The other night as a sleepover gathering wound down, the subject of what to do with the leftover pie came up.
“What about breakfast,” someone said.
What about breakfast, indeed. Pie is magnificent at any time of the day, but there is something about having it in the morning, in place of the ole yogurt and granola.
First, it involves no effort on the part of the chef.
Second, as well as hitting the taste buds just right, there’s the tiny thrill you get from committing a small, subversive act like starting the day with something that nutritionally is undeniably bad for you.
I use this term subversive, as you probably gather, in the broadest possible manner, because I have always been a law-abiding, colour-between-the-lines type: other than the Resolutes Amateur Athletic Club, and the Queen Elizabeth High Facebook group, no membership in dubious organizations for me.
I have, in the spirit of full disclosure, from time-to-time thrown caution to the wind and parked in employees-only spots behind private businesses, but only at night or on weekends when no one is there to call the tow truck.
A late-teen dine-and-dash from a downtown Halifax eating establishment is the closest I have come to an actual felony, although there may be a long-ago Carleton University phone bill that is still outstanding, to which I plead the statute of limitations.
I have, in the spirit of full disclosure, from time-to-time thrown caution to the wind and parked in employees-only spots behind private businesses, but only at night or on weekends when no one is there to call the tow truck.
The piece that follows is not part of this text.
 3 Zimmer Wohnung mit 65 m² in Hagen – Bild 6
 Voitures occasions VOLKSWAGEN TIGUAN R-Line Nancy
Braving the wrath of the HRM’s dog patrol, I have, again usually under cover of darkness, walked my hound where no dog is supposed to tread.
Just the other day, after having finished Michael Ondaatje’s wonderful The Collected Works of Billy the Kid, I picked a couple of grapes at the Superstore, and ate them as I strolled.
This, it should be noted, was before the members of the Halifax Regional Police Department were deployed at Superstore locations across the HRM, and for all I know the province, to put the kibosh to just that sort of wrongdoing. Like Billy, I seem to have been just ahead of the law.
My point is that while we may obediently assemble in the burger line at the Scotia Square food court, as much as we patiently await our turn at the four-way stop, even the most law-abiding among us longs to occasionally emit a rebel’s yell.
My point is that while we may obediently assemble in the burger line at the Scotia Square food court, as much as we patiently await our turn at the four-way stop, even the most law-abiding among us longs to occasionally emit a rebel’s yell.
How do I know this so definitively? I speak from a lifetime of experience.
Yes, it was great to pretend to be sick in elementary school, so that I could stay at home to watch the midday matinee, but was the pleasure not heightened by knowing that when Robert Jollimore and Kenny Moores were doing their times tables, I was seated in front of the black and white television set, coughing every now and then for my mom’s benefit, as the creature emerged from the Black Lagoon?
To this day I experience the same sense of deep fulfillment when sitting in front of the big screen, at the movie theatre, in the afternoon on a weekday, when the rest of the world is at work.
My glee grows exponentially when in the movie theatre on a blazing summer day. When we lived in Toronto in an air conditioner-less apartment, that was out of necessity.
To this day I experience the same sense of deep fulfillment when sitting in front of the big screen, at the movie theatre, in the afternoon on a weekday, when the rest of the world is at work.
Yet, what does it say about me, that even now when the mercury soars I sometimes like to be inside, looking up at something mindless, when the virtuous are outdoors, as we are supposed to be during fine weather, doing something that is “good for you.”
My contrariness does not manifest itself in bad habits like regular “mental health” days sitting at home, binging on Cheezies and episodes of Peaky Blinders.
No, it is a mostly harmless trait, a desire to demonstrate that, even within the restrictive parameters of 21nd-century life, we can show that we are not sheep.
Instead of a few minutes snatched with the video off on a Zoom call, we can take a full-fledged midday mid-week nap, and the world will be no worse off when we awake.
It is good to hold on to that belief, no matter how untrue we know it to be — to think that we are capable of a small bold act, just for boldness sake.
We can take pleasure, during days spent getting our steps and eating healthy and sustainably, in hitting the drive-thru, then wolfing down our fries and triple meat patties while wheeling through the streets, like we are 18 again. (Maybe if the outlaw’s spirit particularly moves us, we will crank the music and lower the windows, although not too loud though; people are sleeping.)
We did pointless things back then, as well as things that seemed undignified, and unadult, but made us think that maybe there was a little rule-breaking Keith Richards, a little outrageous Dennis Rodman in all of us.
It is good to hold on to that belief, no matter how untrue we know it to be — to think that we are capable of a small bold act, just for boldness sake.
What I mean to say is eat the damn pie with your morning coffee or before the salad course at supper. When you do so, look around the room with a Ray Liotta scowl, daring someone, anyone to try to stop you.